The wind is out of the Northeast, and I follow a ranch road to the west to begin hunting North, along the edge of a lake. I have been heading North for a little while, not seeing anything when Smiley drives along and tells me he saw a nice boar hog on a nearly parallel road a little off. I hop in the truck and get dropped off at the start of that road and I hunt that road with no sign of javi or hog. I quickly retrace my steps to get back to my original route, and just as I am coming along the lake, I see the hairy tufted ears of a nice boar hog quartering away from my rooting in the grass along the road. He is maybe 70-80 yards away, and I slip an arrow out of my quiver and hug the brush to break up my outline and head towards him. I get 60 yards away and he lifts his head, grunts, and takes off into the thick brush to he west, and the question of why is answered as I feel a stray shifty wind on the back of my neck. Nothing to be done about it. That is hog hunting when the wind isn't strong enough.

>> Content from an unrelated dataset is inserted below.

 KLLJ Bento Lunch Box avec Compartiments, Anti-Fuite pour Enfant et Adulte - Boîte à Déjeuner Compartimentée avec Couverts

I continue on ahead and make it to the end of the corned sender, where there are thick prickly pear cacti. The terrain looks good, and I decide to go a little further ahead. I catch a glimpse of something black up ahead, and slowly a group of 13 javelina come out of a canal and head toward the road. The pass me at distances ranging from 12-25 yards, but none of these are large enough that I want to shoot them. Further to the east, I see 2 larger javelina come out of the brush, and head my way, probably joining up with the others. These are a little more alert, and they spot me in the relatively thin cover, and take off the way they came, while the others start to feed on the road behind me.
I figure that I have nothing to loose, so I take a couple steps into cover, pull out my javelina distress call, and make what I think sound like a javelina getting chewed on, or at least getting his butt kicked. I have heard great reports of success doing this when you bust up a group. Apparently these javelina didn't get the memo. The two that spooked didn't come back, and the rest of the group just fed at a fast pace away from me. Fortunately, they didn't wind me, and I decided to circle far to the west then south, and get back to the road ahead of them in hopes that the larger javelina would rejoin them. The first circle didn't work. They were moving to fast, and as I approached the road from the west, I could see I was on the same level as them when I was still 80 yards from the road. I went back west and made a much larger circle, and finally got far enough south and ahead of them on the road.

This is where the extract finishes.